Instructor:
Naseef Mansoor, Ph.D. (Pronouns: He/Him/His)
Office: WH 235
TA: TBD
Class Technology:
1. Laptop or desktop with microphone and web camera.
2. High-speed Internet access capable of streaming both audio and video.
3. Software/Apps: D2L Brightspace, Zoom (For online Classes only), Zybooks, Lockdown Browser
For IT issues please consider contacting IT Solutions Center.
Course Description:
This course introduces data science, discusses opportunities and challenges associated with data science projects, and develops competencies related to data collection, data cleaning, data analysis, and model evaluation. The course focuses on hands-on exercises using data analytics tools.
Learning Outcomes:
After successfully completing this course, students will be able to:
Define data science and common terminology associated with data science.
Discuss examples of how data science and data analytics are being used to improve decision making and solve complex problems for organizations and society.
Explain challenges related to data science, especially data privacy, ethics, legal issues, and organizational barriers.
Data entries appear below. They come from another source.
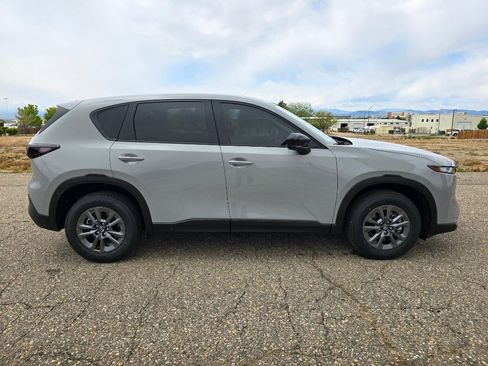 New 2026 MAZDA CX-5 Select AWD/4WD image 6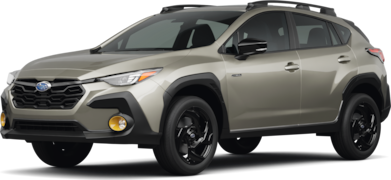 Subaru Crosstrek Hybrid Sport Hybrid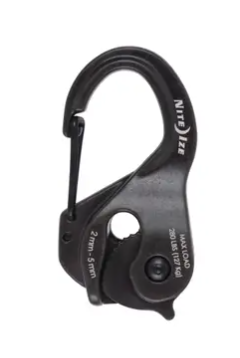 Nite Ize CamJam XT Aluminum Rope Tightener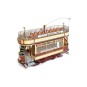 53008-OcCre 53008 Tram London LLC 106 1/24 scale wood and metal construction kit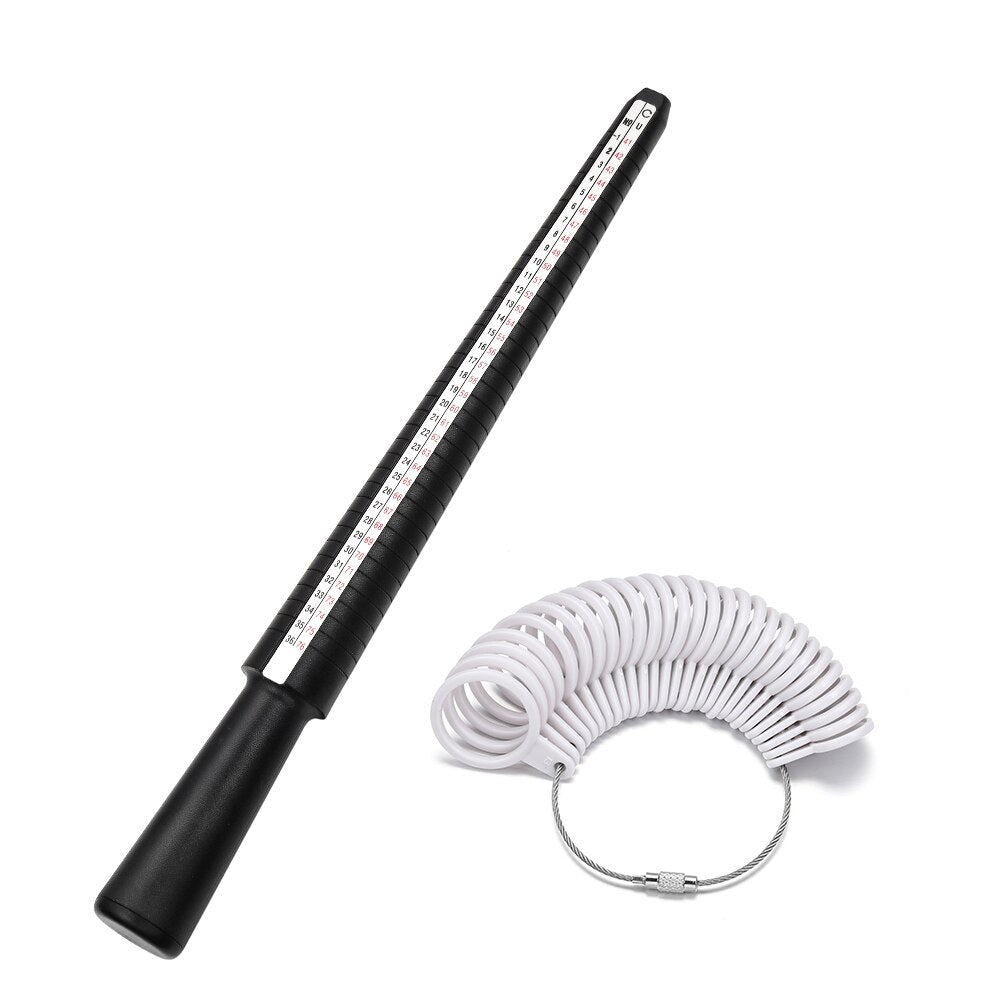 Mandrin professionnel pour calibreur de bagues et de bracelets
Identify social, legal, organizational, and ethical issues related to data science projects and recommend solutions and strategies for mitigating such risks.
Describe and design the data science process (framing the problem, solving the problem, and communicating and acting on results).
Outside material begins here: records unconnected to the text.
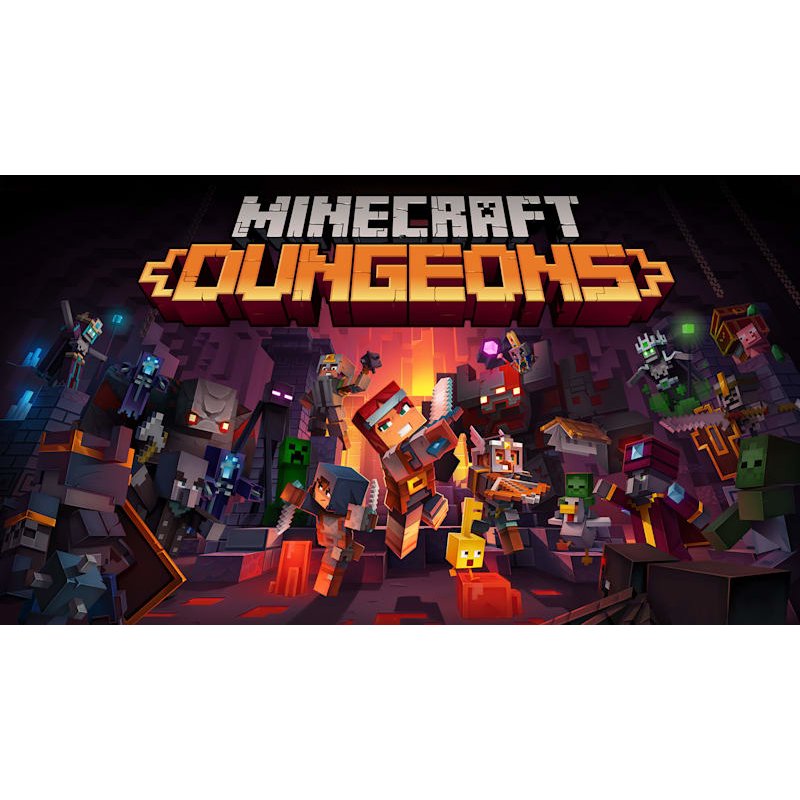 Minecraft Dungeons: Ultimate Edition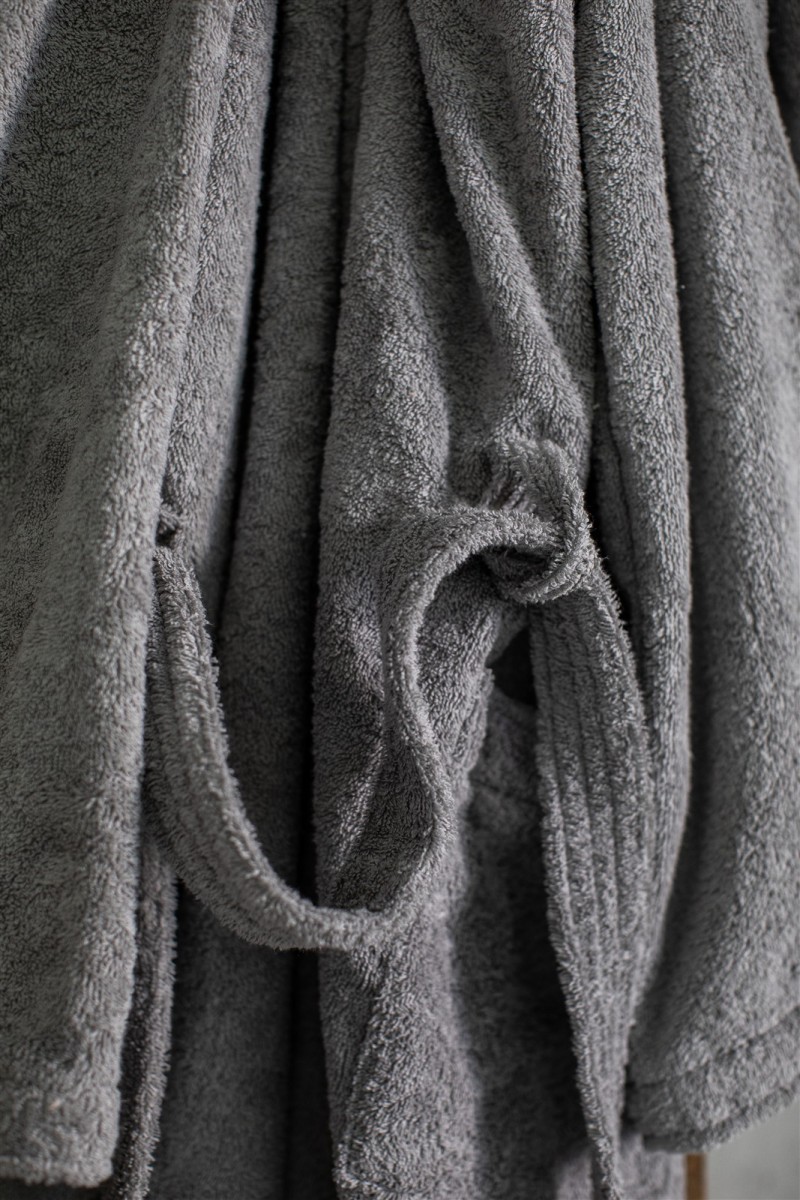 Accappatoio Bauhaus in Cotone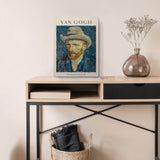 Van Gogh Art Panel/Canvas Board GOGH-2404-07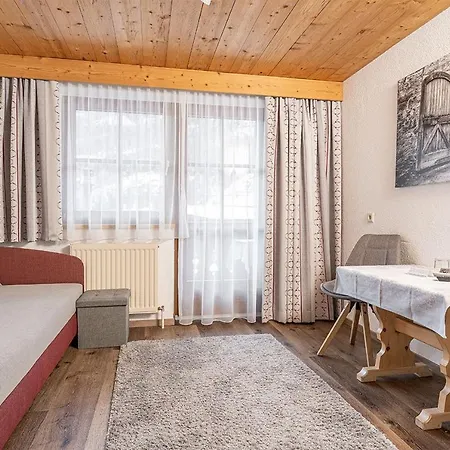 Konukevi Berggeist 3*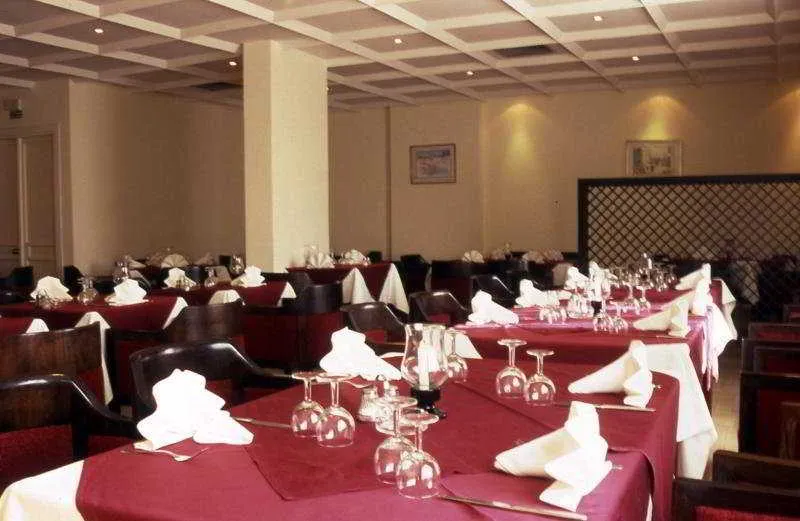 Restaurant, Le Pacha, Tunisia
Explain and apply common data science libraries in Python and other tools.
Explain and differentiate various data analytics models including descriptive, predictive, prescriptive, and optimization and their use cases.
Perform data collection using Python including reading and writing data in various formats and a variety of sources (such as enterprise systems, web, social media, and sensors).
Clean and format data for analysis; perform common data cleaning tasks (such as merging, reshaping, pivoting, handling duplicates, replacing missing values, binning, grouping, manipulating strings, detecting and handling outliers, scaling, and sampling) using Python.
Create and use Python data structures to organize both numerical and text-based data.
Perform exploratory data analysis and visual analytics in Python and other tools.
Explain basic statistical concepts, discuss appropriate statistical procedures for various use cases; create and test statistical models in appropriate Python libraries.
Evaluate models using various metrics for performance; discuss model deployment, testing, and documentation.
Construct applications using additional Python libraries related to big data.
Prerequisite:
IT 310/CIS 223 and IT 340/CIS 340
Course Materials:
There is no dedicated textbook for this class. The following resources are helpful and is available online.
1. “Data Science from Scratch First Principles with Python (2nd edition)” by Joel Grus, Publisher: O Reilly. (Available Online), 2019
2. “Practical Statistics for Data Scientists” by Peter Bruce and Andrew Bruce, Publisher: O Reilly. (Available Online), 2017
3. “Introduction to Machine Learning with Python A Guide for Data Scientists” by Andreas C. Müller and Sarah Guido, Publisher: O Reilly. (Available Online), 2017
4. "Introduction to Probability and Statistics" by Jeremy Orloff and Jonathan Bloom (Available Online)
5. "Linear Algebra" by Gilbert Strang (Available Online)
6. "Pattern Recognition and Machine Learning", Chistopher Bishop, Springer, 2006 (Available Online)
7. Websites:
https://towardsdatascience.com/
Programming Language:
We will be using python and other python libraries/frameworks in this course.
Note: For the tutorials you will need google colab to view and work with them.
Course Website:
Log in at https://mnsu.ims.mnscu.edu/d2l/home and find the ### CIS 418/518-xx Foundation of Data Science. This website will be used for:
Lecture slides, assignments, project documents, and any related reading materials (if needed)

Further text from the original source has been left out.